L’ho fatto. Mi sono perfino sentito in colpa, ma l’ho fatto. Ho iscritto il mio numero telefonico privato (la linea fissa di casa, per intenderci) al Registro delle Opposizioni. Pensavo, con ciò, di essermi sottratto, un po’ egoisticamente, al fuoco di fila delle cosiddette offerte commerciali. Come dicono all’Accademia della Crusca: manco per le balle.
Le telefonate continuano e gli operatori e le operatrici, alle mie proteste e all’annuncio che il numero appartiene al Registro, hanno reazioni che fanno della Sfinge una creatura perennemente sul chi vive. Eppure, leggo sul sito Internet del Registro, istituito per Decreto del Presidente della Repubblica, 7 settembre 2010, n. 178, che trattasi di «servizio concepito a tutela del cittadino che decide di non voler più ricevere telefonate per scopi commerciali o di ricerche di mercato e, in pari tempo, uno strumento per rendere più competitivo, dinamico e trasparente il mercato tra gli Operatori di marketing telefonico».
Ora, gli Operatori mi sembrano competitivi e dinamici come non mai (ho i miei dubbi siano anche trasparenti) ma il cittadino è tutelato come un topo nella trappola. Nel complesso, la circostanza mi rende doppiamente incavolato: almeno prima, quando non ero “protetto”, sapevo di dovermi battere da solo contro orde di piazzisti del prefisso; adesso mi sembra di avere un alleato che, all’ora della battaglia, sostiene di avere un altro impegno. Intanto le telefonate continuano: sempre più presto al mattino, sempre più tardi alla sera.
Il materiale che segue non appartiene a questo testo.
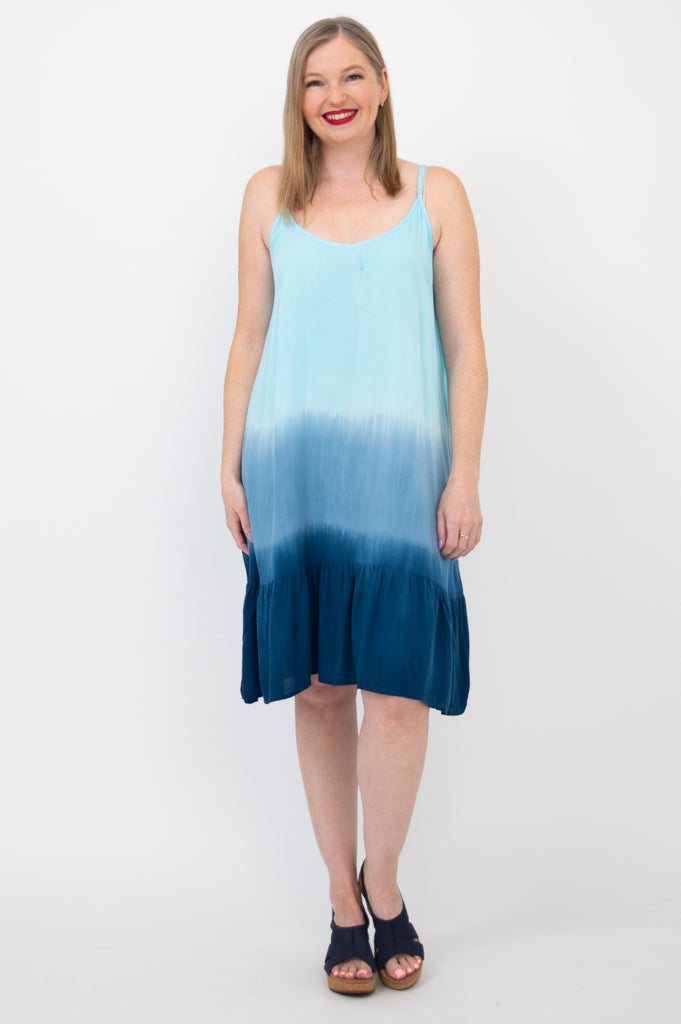 Ettie Dress - Turquoise Dip Dye Maxi Dress for Women | Boho Chic Summer Beach Dress for Vacation, Party & Date Night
C’è una sola cosa che mi conforta: so di non essere solo. So che questo è un tema sensibile: ogni volta che se ne parla, nei giornali oppure online, le reazioni non mancano: voci risentite, disturbate, indebitamente sottoposte a pressioni psicologiche, a volte perfino morali. Senza contare che tra le telefonate a scopo di lucro si perdono quelle vere, sentimentali, familiari, amichevoli: le uniche alle quali gli Operatori - per adesso - non hanno ancora messo un prezzo.